Americas Trade Plan 'Dead,' Venezuela's Chavez Says
    Reuters
    April 2, 2004

    CARACAS, Venezuela (Reuters) - Venezuelan President Hugo Chavez said on Friday a U.S. plan to create a Free Trade Area of the Americas was "dead" after the suspension of scheduled talks on the project he fiercely opposes.

    The next formal trade negotiations between the 34 Western Hemisphere nations were to have been held in late April but officials said Thursday they were being suspended due to slow progress on sensitive issues like farming, services and market access. No new date was set.

    "It's a fact, the FTAA is dead," Chavez said during a ceremony to mark the signing of planned economic projects in Venezuela involving Chinese and Portuguese companies.

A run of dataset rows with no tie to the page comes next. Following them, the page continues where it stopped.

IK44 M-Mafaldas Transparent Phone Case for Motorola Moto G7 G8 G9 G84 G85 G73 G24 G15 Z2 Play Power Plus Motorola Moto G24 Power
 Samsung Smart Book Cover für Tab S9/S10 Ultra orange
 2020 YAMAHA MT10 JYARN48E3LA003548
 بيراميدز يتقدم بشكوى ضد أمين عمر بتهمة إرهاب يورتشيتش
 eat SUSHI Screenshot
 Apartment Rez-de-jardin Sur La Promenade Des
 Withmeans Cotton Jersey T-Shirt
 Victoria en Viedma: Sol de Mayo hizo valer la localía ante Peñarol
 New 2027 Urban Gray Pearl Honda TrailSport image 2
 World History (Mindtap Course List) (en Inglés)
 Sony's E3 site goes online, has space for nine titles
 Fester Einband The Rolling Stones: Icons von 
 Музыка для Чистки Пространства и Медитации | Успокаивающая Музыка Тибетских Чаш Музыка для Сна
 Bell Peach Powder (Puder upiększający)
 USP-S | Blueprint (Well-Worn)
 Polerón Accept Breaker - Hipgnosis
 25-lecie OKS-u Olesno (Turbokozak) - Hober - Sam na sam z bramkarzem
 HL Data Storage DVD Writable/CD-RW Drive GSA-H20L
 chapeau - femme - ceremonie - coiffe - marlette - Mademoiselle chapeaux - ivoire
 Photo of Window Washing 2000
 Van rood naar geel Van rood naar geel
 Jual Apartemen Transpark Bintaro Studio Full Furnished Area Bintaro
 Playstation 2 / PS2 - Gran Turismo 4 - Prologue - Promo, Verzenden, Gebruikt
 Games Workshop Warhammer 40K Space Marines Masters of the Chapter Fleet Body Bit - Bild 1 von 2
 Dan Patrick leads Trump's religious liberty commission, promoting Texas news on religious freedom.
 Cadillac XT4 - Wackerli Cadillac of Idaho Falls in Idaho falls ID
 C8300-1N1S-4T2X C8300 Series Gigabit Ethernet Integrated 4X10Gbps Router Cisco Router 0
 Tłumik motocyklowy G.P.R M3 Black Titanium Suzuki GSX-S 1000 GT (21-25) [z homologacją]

    "Rest in peace, thank God, it's for the good of our people," the left-wing Venezuelan leader said. He has long condemned the hemisphere-wide trade plan as an "imperialist" plot to extend U.S. domination across Latin America.

    Chavez, an outspoken nationalist who accuses President Bush's government of trying to overthrow him, said Venezuela would attend rescheduled FTAA talks if they were called.

    But he added: "There's nothing more to discuss there."

    The talks broke down in Puebla, Mexico in February and had been rescheduled twice before this latest suspension.

    Negotiations on the FTAA began 10 years ago, but a Jan. 1, 2005 deadline now looms for the creation of the proposed free trade zone stretching from Alaska to Patagonia.

    Chavez argues the FTAA plan will put Latin America's unprepared economies at the mercy of powerful U.S. corporations, "like throwing a pig to an alligator."

    Along with Cuba's Communist President Fidel Castro, who is excluded from the FTAA talks, Chavez is a fierce critic of U.S.-style free market capitalism. His foes accuse him of trying to install communism in oil-rich Venezuela.

    The United States, Venezuela's biggest oil export client, rejects Chavez's charges it is trying to topple him.